**What is needed:** Beginning with the line containing "Dark สีแดง Lolita" and going on through the line containing "Load image into", the lines below are to be returned exactly, pictures excluded and nothing added.

**Supplied material:**
■ ■ ■ ■ ■
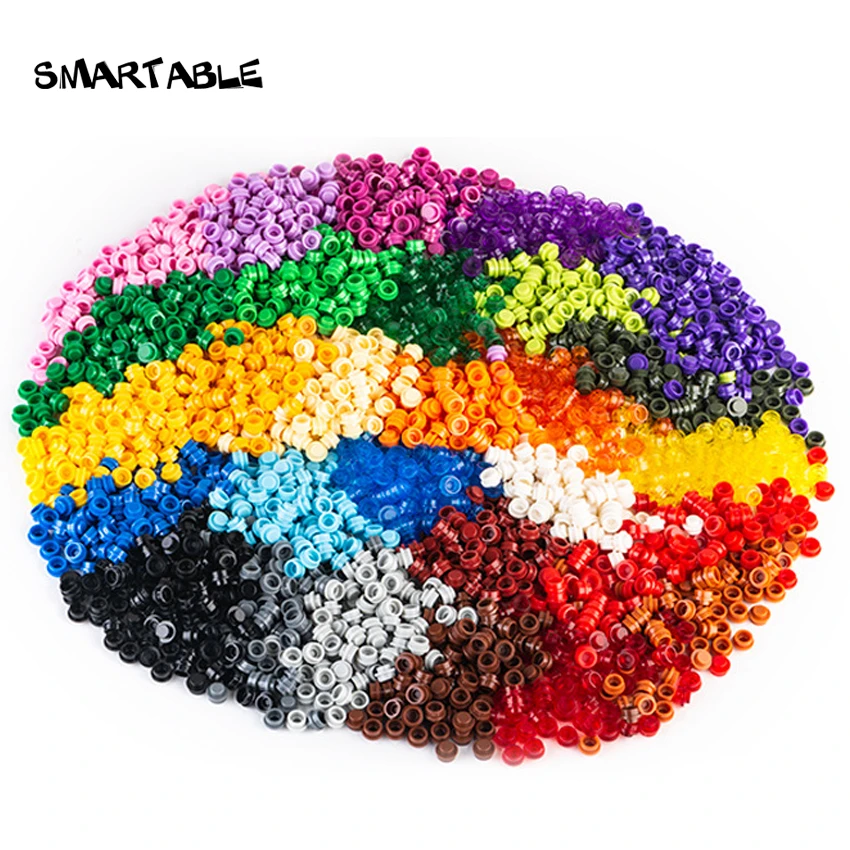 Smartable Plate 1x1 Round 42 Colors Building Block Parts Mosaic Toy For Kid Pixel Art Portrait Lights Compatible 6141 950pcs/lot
■ ■ ■ ■ ■
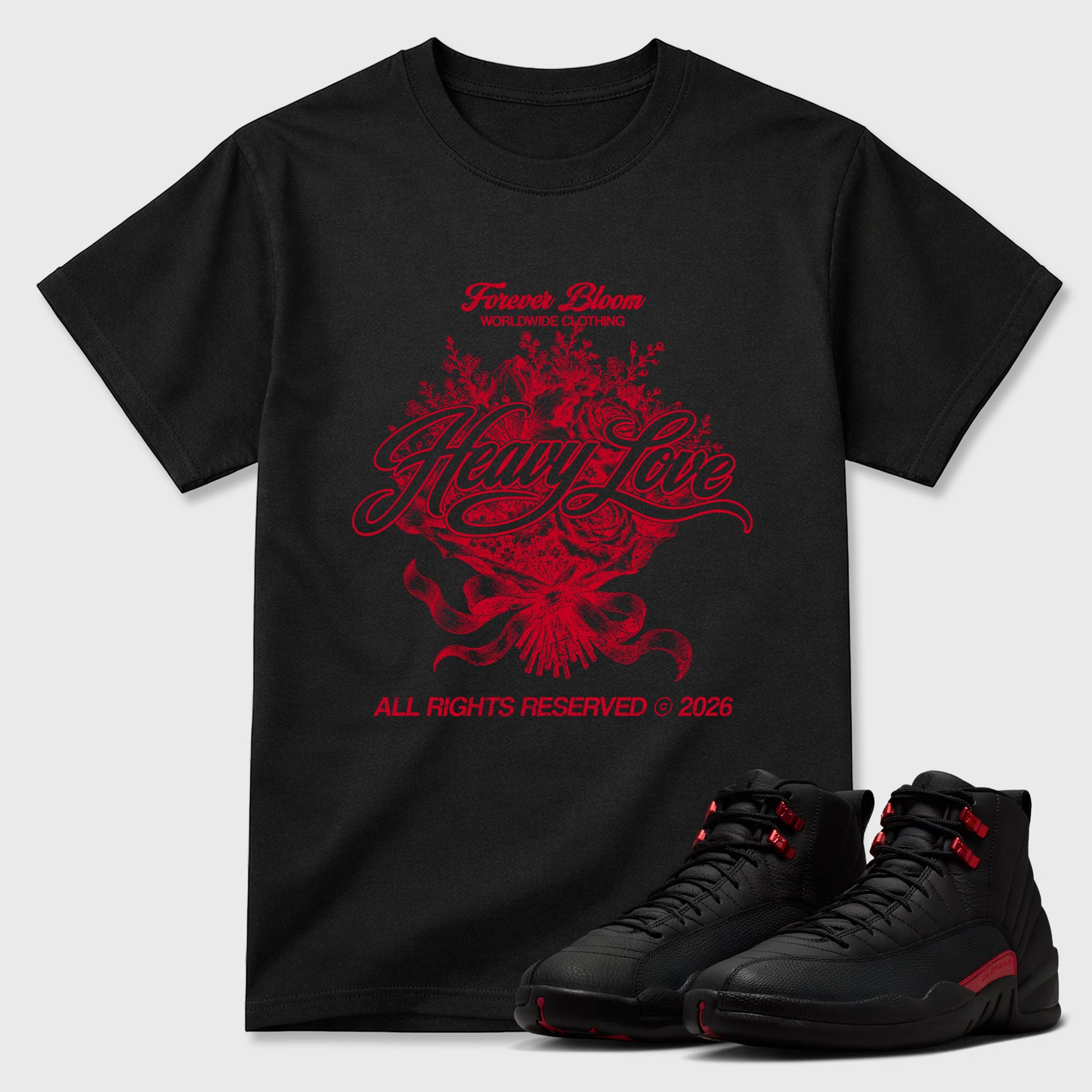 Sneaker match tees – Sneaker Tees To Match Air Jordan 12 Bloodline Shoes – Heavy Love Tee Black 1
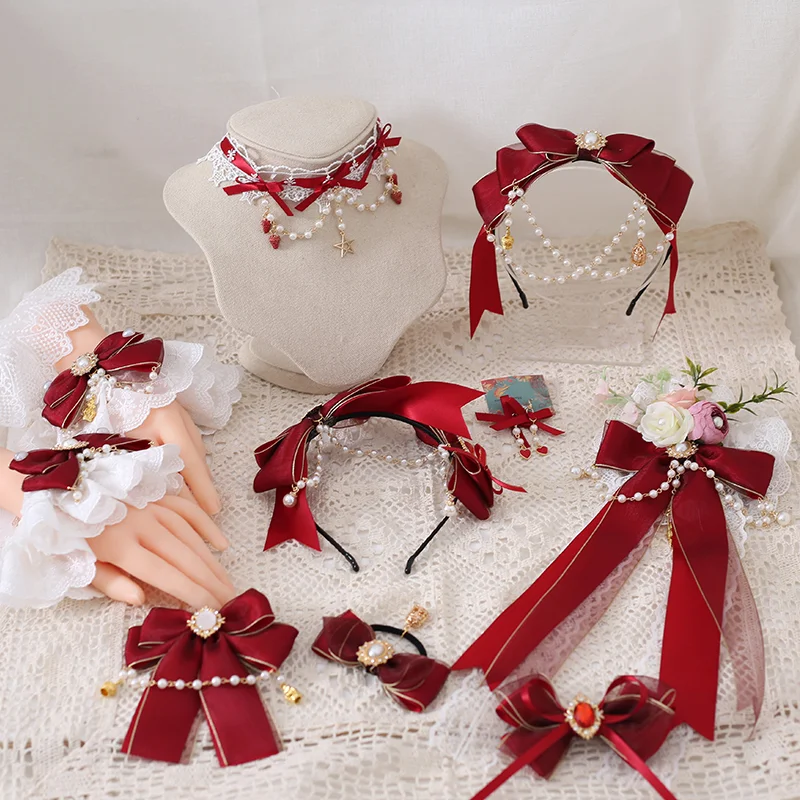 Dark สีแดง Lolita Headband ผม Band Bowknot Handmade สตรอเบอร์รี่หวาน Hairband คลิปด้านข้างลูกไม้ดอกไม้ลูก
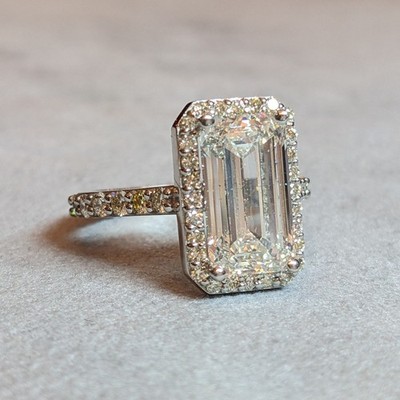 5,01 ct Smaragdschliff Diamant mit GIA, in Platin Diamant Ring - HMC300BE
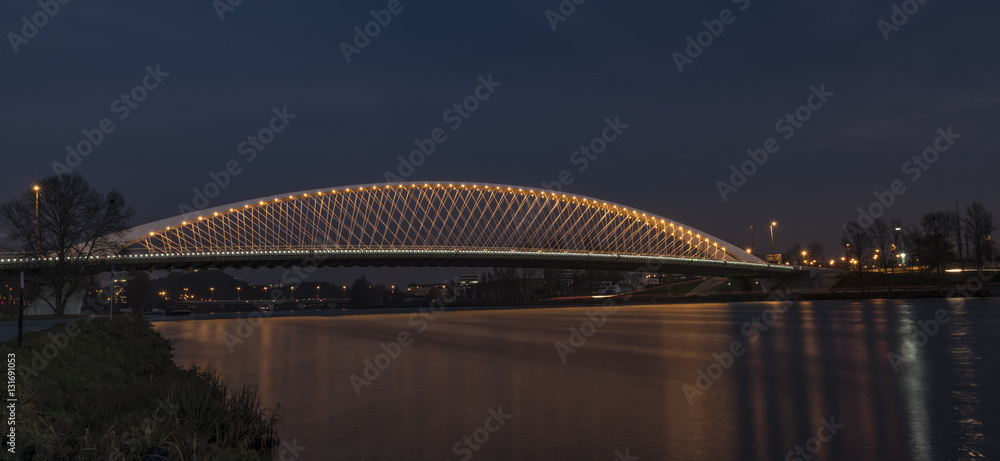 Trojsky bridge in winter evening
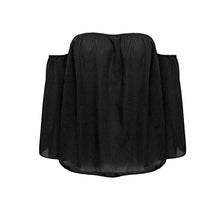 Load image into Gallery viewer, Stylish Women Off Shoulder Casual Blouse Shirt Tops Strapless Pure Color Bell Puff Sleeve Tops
■ ■ ■ ■ ■
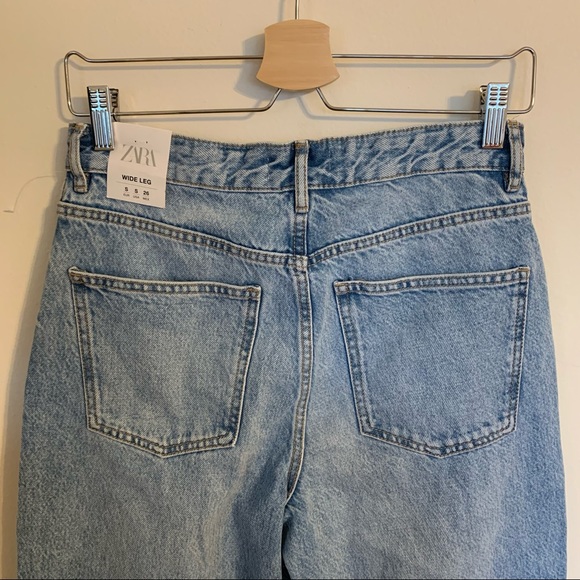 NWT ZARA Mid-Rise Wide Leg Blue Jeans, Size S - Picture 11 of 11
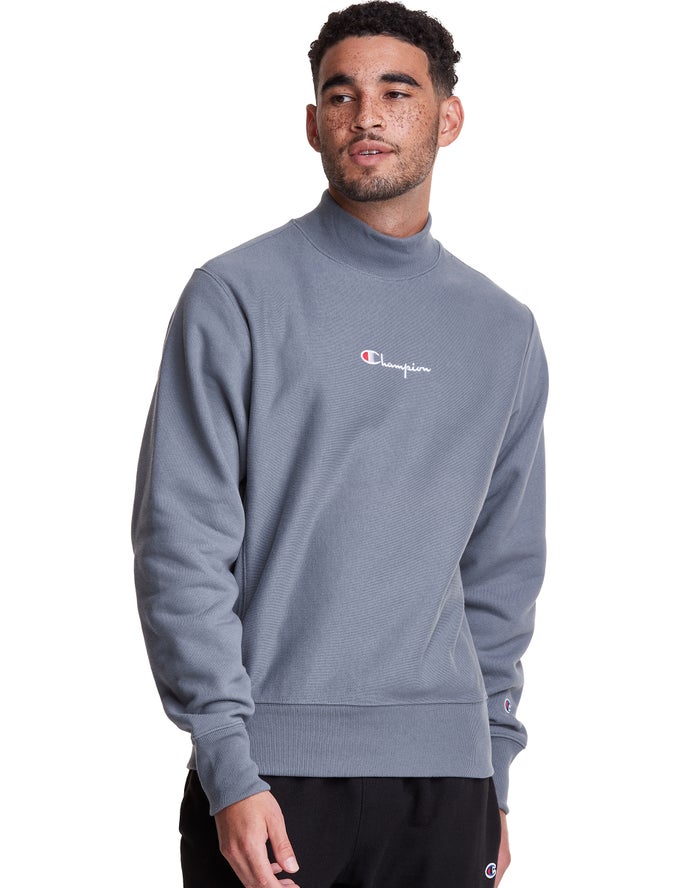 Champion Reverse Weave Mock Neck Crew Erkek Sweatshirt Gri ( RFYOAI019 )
■ ■ ■ ■ ■
**Result of this exercise:**
 Dark สีแดง Lolita Headband ผม Band Bowknot Handmade สตรอเบอร์รี่หวาน Hairband คลิปด้านข้างลูกไม้ดอกไม้ลูก
 5,01 ct Smaragdschliff Diamant mit GIA, in Platin Diamant Ring - HMC300BE
 Trojsky bridge in winter evening
 Load image into Gallery viewer, Stylish Women Off Shoulder Casual Blouse Shirt Tops Strapless Pure Color Bell Puff Sleeve Tops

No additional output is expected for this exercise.